• **HOW TO COMPLETE THIS TASK**
Leave out the images and transcribe the entries below word for word.

• **Image-text web data**
********
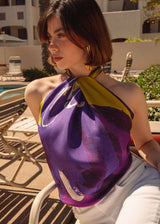 Yellow Ochre Purple Tropical Objects Scarf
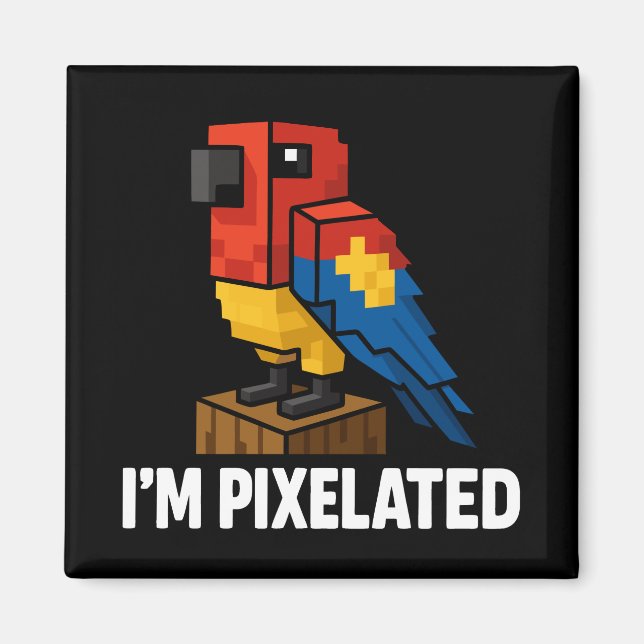 Blocky Jungle Parrot Pixelated Parrot Pixel Art Magnet (Front)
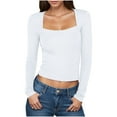 thumbnail image 2 of Aloohaidyvio Long Sleeve T Shirt for Women No Boundaries Square Neck Going Out Tops Double Lined Tight Shirt Y2K Crop Top Slim Fit, 2 of 7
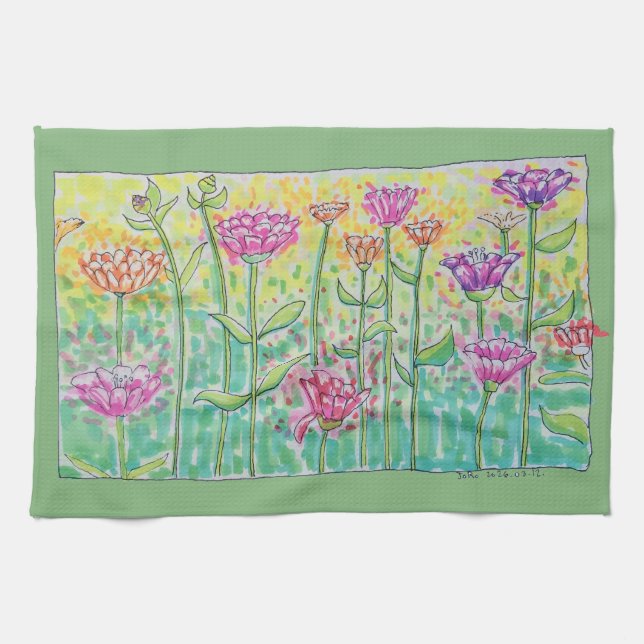 Blumenfeld Geschirrtuch (Horizontal)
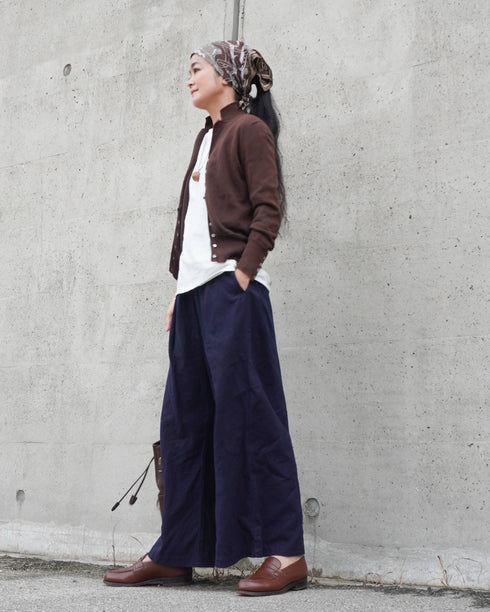 Linen Cotton Tuck Pants / Beige・Navy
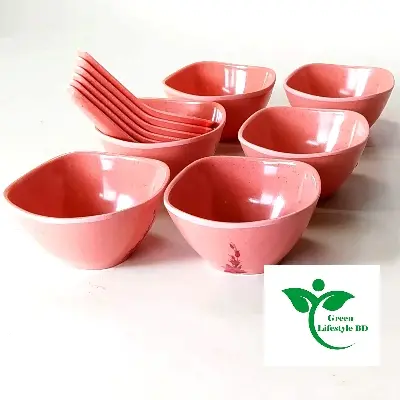 Picture of Square Soup Bowl 6 Piece with 6 Piece Spoon  (3.5) Inch Pink Color. - Pink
********
• **RESPONSE TO THE TASK**
 Yellow Ochre Purple Tropical Objects Scarf
 Blocky Jungle Parrot Pixelated Parrot Pixel Art Magnet (Front)
 thumbnail image 2 of Aloohaidyvio Long Sleeve T Shirt for Women No Boundaries Square Neck Going Out Tops Double Lined Tight Shirt Y2K Crop Top Slim Fit, 2 of 7
 Blumenfeld Geschirrtuch (Horizontal)
 Linen Cotton Tuck Pants / Beige・Navy
 Picture of Square Soup Bowl 6 Piece with 6 Piece Spoon  (3.5) Inch Pink Color. - Pink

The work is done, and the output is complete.